Work instructions — Restate word for word every line from the top of the data below down through the line that holds "Xoxo Svg Valentines".

○ ○ ○ ○ ○

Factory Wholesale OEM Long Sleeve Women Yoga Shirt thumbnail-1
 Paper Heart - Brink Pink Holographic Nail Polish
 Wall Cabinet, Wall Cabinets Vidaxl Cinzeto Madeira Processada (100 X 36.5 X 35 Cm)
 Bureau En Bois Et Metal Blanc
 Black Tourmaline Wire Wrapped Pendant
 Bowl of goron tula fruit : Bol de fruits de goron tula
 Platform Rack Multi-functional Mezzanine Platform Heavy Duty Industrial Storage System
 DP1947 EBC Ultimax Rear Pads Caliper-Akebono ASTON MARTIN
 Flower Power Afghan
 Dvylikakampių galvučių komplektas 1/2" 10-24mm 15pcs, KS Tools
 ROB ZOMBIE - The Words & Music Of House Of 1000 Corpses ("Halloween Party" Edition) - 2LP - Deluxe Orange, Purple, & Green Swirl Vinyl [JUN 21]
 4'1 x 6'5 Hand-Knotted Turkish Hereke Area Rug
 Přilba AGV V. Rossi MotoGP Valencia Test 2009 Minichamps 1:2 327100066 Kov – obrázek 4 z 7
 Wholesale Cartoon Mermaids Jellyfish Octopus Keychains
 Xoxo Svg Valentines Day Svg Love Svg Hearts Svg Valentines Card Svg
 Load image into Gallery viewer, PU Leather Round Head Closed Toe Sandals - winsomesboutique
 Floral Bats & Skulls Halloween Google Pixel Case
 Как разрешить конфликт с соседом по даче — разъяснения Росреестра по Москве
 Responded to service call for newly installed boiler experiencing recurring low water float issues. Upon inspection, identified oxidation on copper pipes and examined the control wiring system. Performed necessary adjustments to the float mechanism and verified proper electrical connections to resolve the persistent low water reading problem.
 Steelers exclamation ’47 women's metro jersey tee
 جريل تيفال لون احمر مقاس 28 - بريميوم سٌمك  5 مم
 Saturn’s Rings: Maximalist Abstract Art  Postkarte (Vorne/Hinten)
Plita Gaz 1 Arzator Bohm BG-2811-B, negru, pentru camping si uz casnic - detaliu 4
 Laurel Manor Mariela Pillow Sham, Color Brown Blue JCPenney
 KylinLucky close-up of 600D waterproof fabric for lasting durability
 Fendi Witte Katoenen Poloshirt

○ ○ ○ ○ ○

Written response —
Factory Wholesale OEM Long Sleeve Women Yoga Shirt thumbnail-1
 Paper Heart - Brink Pink Holographic Nail Polish
 Wall Cabinet, Wall Cabinets Vidaxl Cinzeto Madeira Processada (100 X 36.5 X 35 Cm)
 Bureau En Bois Et Metal Blanc
 Black Tourmaline Wire Wrapped Pendant
 Bowl of goron tula fruit : Bol de fruits de goron tula
 Platform Rack Multi-functional Mezzanine Platform Heavy Duty Industrial Storage System
 DP1947 EBC Ultimax Rear Pads Caliper-Akebono ASTON MARTIN
 Flower Power Afghan
 Dvylikakampių galvučių komplektas 1/2" 10-24mm 15pcs, KS Tools
 ROB ZOMBIE - The Words & Music Of House Of 1000 Corpses ("Halloween Party" Edition) - 2LP - Deluxe Orange, Purple, & Green Swirl Vinyl [JUN 21]
 4'1 x 6'5 Hand-Knotted Turkish Hereke Area Rug
 Přilba AGV V. Rossi MotoGP Valencia Test 2009 Minichamps 1:2 327100066 Kov – obrázek 4 z 7
 Wholesale Cartoon Mermaids Jellyfish Octopus Keychains
 Xoxo Svg Valentines Day Svg Love Svg Hearts Svg Valentines Card Svg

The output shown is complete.